The color selection of the SDSS standard stars. Red points represent stars selected as spectroscopic standards. (Most are flux standards; the very blue stars in the right hand plot are"hot standards"used for telluric absorption correction.)

The flux calibration of the spectra is handled by the Spectro2d pipeline. It is performed separately for each of the 2 spectrographs, hence each half-plate has its own calibration. In the EDR and DR1 Spectro2d calibration pipelines, fluxing was achieved by assuming that the mean spectrum of the stars on each half-plate was equivalent to a synthetic composite F8 subdwarf spectrum from Pickles (1998). In the reductions included in DR2, the spectrum of each standard star is spectrally typed by comparing with a grid of theoretical spectra generated from Kurucz model atmospheres (Kurucz 1992) using the spectral synthesis code SPECTRUM (Gray & Corbally 1994; Gray, Graham, & Hoyt 2001). The flux calibration vector is derived from the average ratio of each star (after correcting for Galactic reddening) and its best-fit model.
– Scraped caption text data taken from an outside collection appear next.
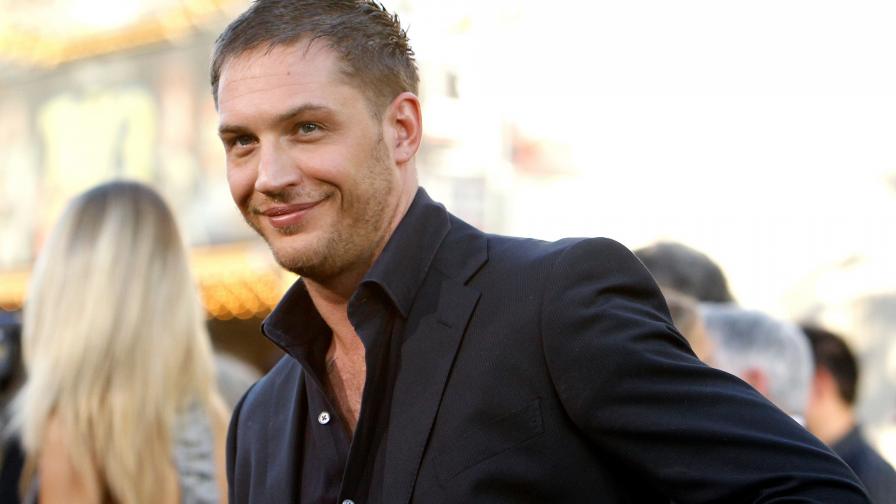 Улыбающийся актер Том Харди в костюме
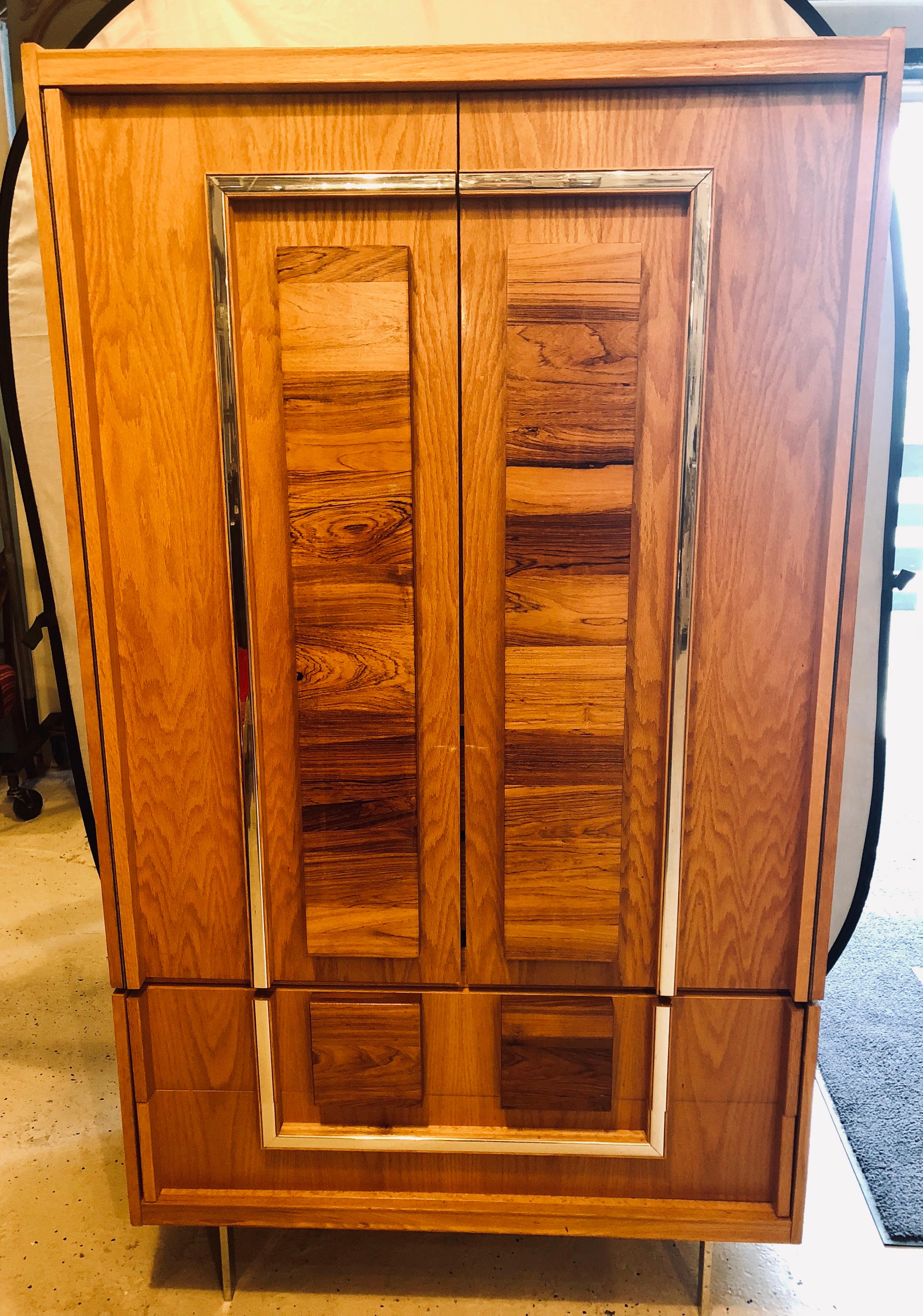 Stunning Mid-Century Modern two-piece custom quality Hi chest or armoire deigned after Milo Baughman. This fine wood and chrome chest is marked Made In Canada having rosewood and oak veneer accents on front supported by flat bar chrome legs. Two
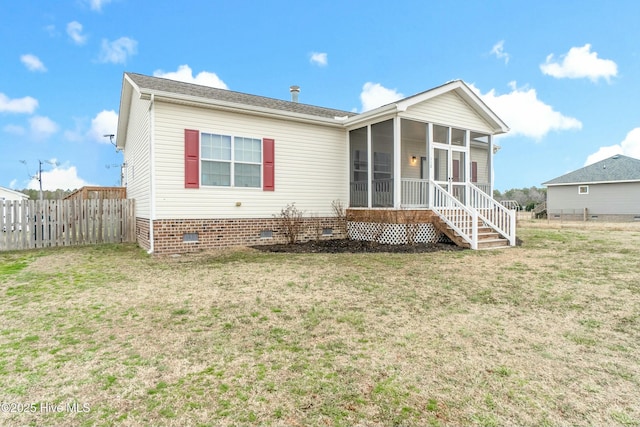 view of front of home with a sunroom and a front yard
Since the red and blue halves of the spectra are imaged onto separate CCDs, separate red and blue flux calibration vectors are produced. These will resemble the throughput curves under photometric conditions. Finally, the red and blue halves of each spectrum on each exposure are multiplied by the appropriate flux calibration vector. The spectra are then combined with bad pixel rejection and rebinned to a constant dispersion.

Throughput curves for the red and blue channels on the two SDSS spectrographs.

Note about galactic extinction correction

The EDR and DR1 data nominally corrected for galactic extinction. The spectrophotometry in DR2 is vastly improved compared to DR1, but the final calibrated DR2 spectra are not corrected for foreground Galactic reddening (a relatively small effect; the median E(B-V) over the survey is 0.034). This may be changed in future data releases. Users of spectra should note, though, that the fractional improvement in spectrophotometry is much greater than the extinction correction itself.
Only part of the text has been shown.